Planting Sweet Potatoes

planting sweet potatoes

Before planting sweet potatoes in your garden, you'll need to get your hands on some seedlings, known as slips.  You can grow these yourself starting in January from an organic sweet potato, or you can buy them from a garden center, seed company, etc...

To grow your own slips, start with an organic sweet potato.  Place it in a warm spot in your kitchen that hopefully gets a couple of hours of sunlight, at least.  When it begins to sprout, stick the end in a jar of water, using toothpicks to keep it from touching the bottom.  The bottom of the potato will sprout roots, and the slips will emerge from the top of the potato after a couple of weeks.  Keep enough water in the jars as the potatoes get thirsty and drink quite a bit. 



sweet potato starts

Once the slips are 6-8 inches long, you can pull them off the potato gently with your hands.  At this point, you can plant the slips directly into your garden if it's ready and if the weather is cooperative.  If you need to hold off for a couple of weeks, put the slips in a jar and add a few inches of water.  In a few days, the slips will start to send out roots.  Keep the roots of the slips in water until you are are ready to transplant them into your garden.

When planting sweet potatoes in your garden, wait until at least 2 weeks after the last expected frost in your area and until the soil has warmed up to 70 degrees F or so.  If you have a short growing season, you can cover the ground where you want to plant with black plastic.  Do this a couple of weeks before you plant, to heat up the soil.

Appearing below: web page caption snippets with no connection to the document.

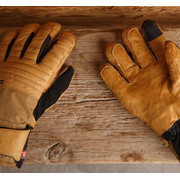 Gloves / Mitts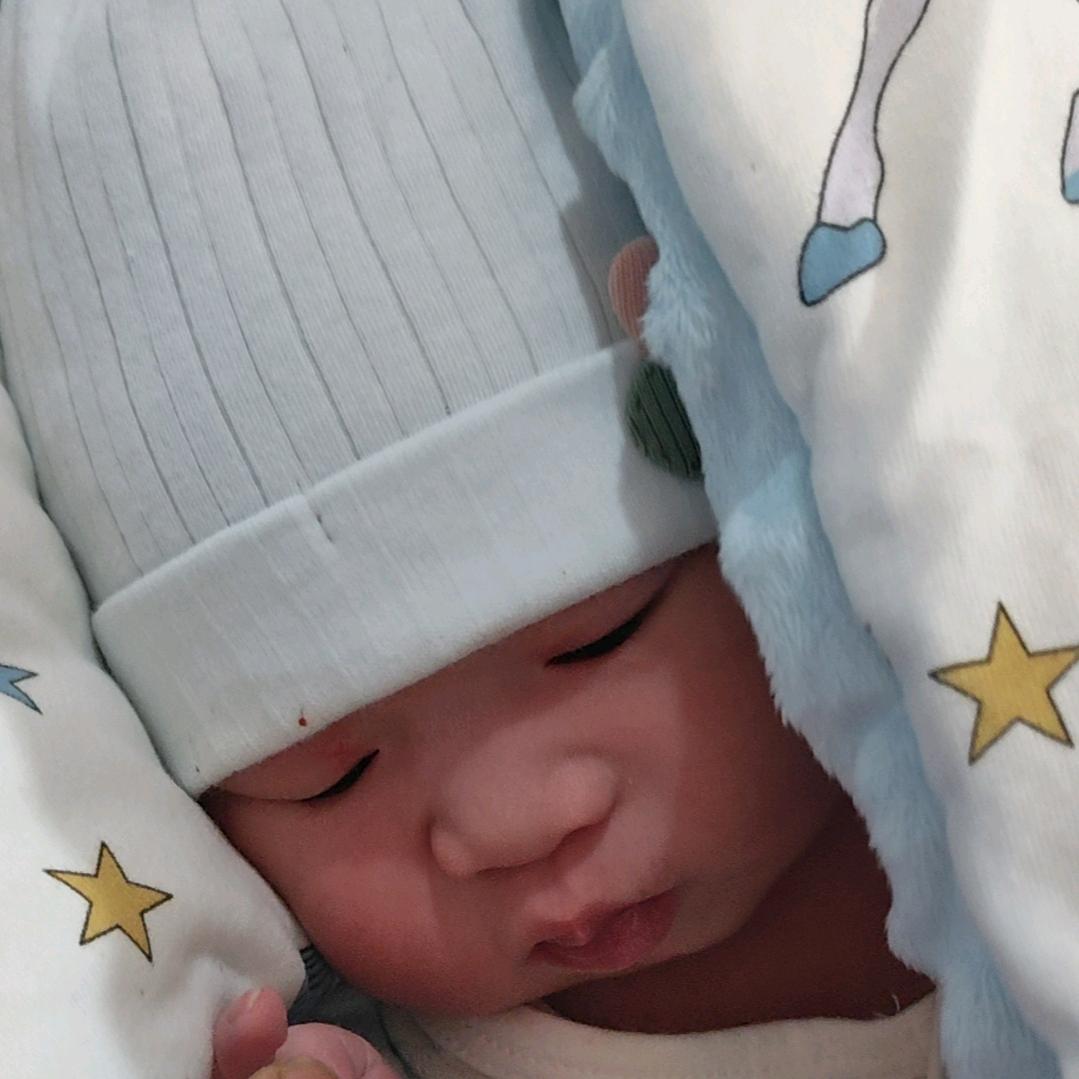 鼻屎拌饭加个蛋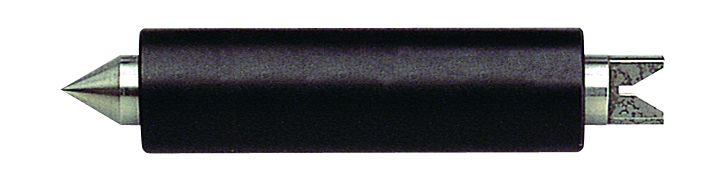 MTI167295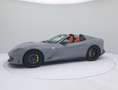 Ferrari 812 GTS I Grigio Nardo I Mandarino Antiguo I FERRARI H Grau - thumbnail 12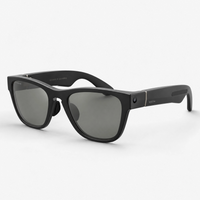 VisionX™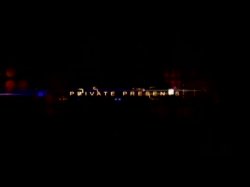 'Private Reality 18 - Double Hole' screenshot nº 1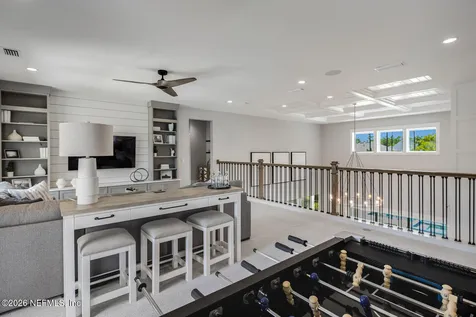137 Storybrook Point Ponte Vedra FL 32081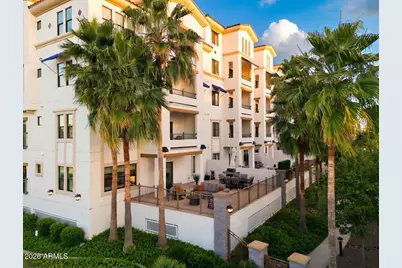 2511 W Queen Creek Road #126, Chandler, AZ 85248 - Photo 26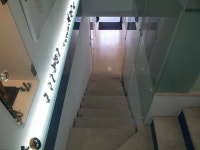 태영부동산공인중개사사무소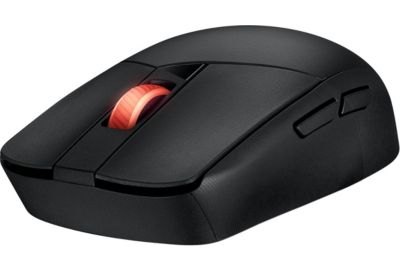 Souris Gamer Sans Fil ASUS ROG Strix Impact III Wireless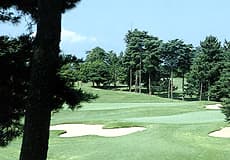 セントラルゴルフクラブ 麻生コース【アコーディア】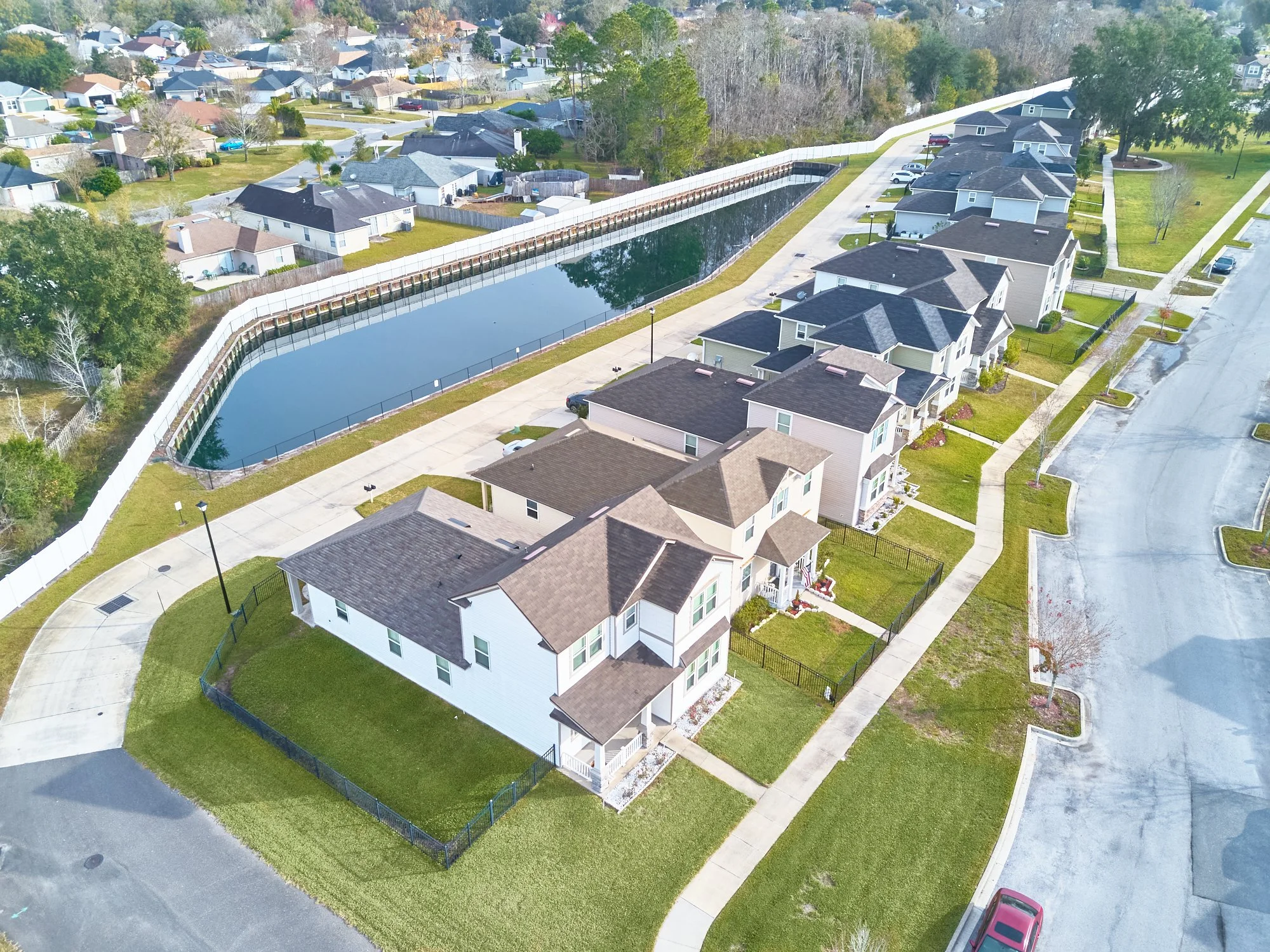 308 Vineyard Lane 55 2k.jpg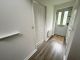 Thumbnail Town house to rent in Long Lane, Walton, Liverpool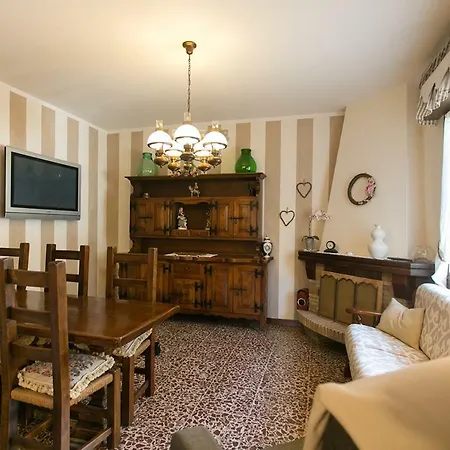 Casa Giulietta Villa Spilamberto Buitenkant foto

Sweet potatoes grow best in ridges.  Till the soil as deep as you can.  Mound up dirt in rows, making the ridges at least a foot high and 2-3 feet across.  If planting multiple rows, space the centers of the ridges at least 4 feet apart.  It should be noted that sweet potato vines will begin to spread and by mid-summer will engulf any other variety of plant that is within 6-8 feet of the sweet potato sprout, so plan accordingly. Transplant the slips 12-18 inches apart in the row and cover the root ball with soil. The tops of the slips should be visible above the soil. Water the transplants in well.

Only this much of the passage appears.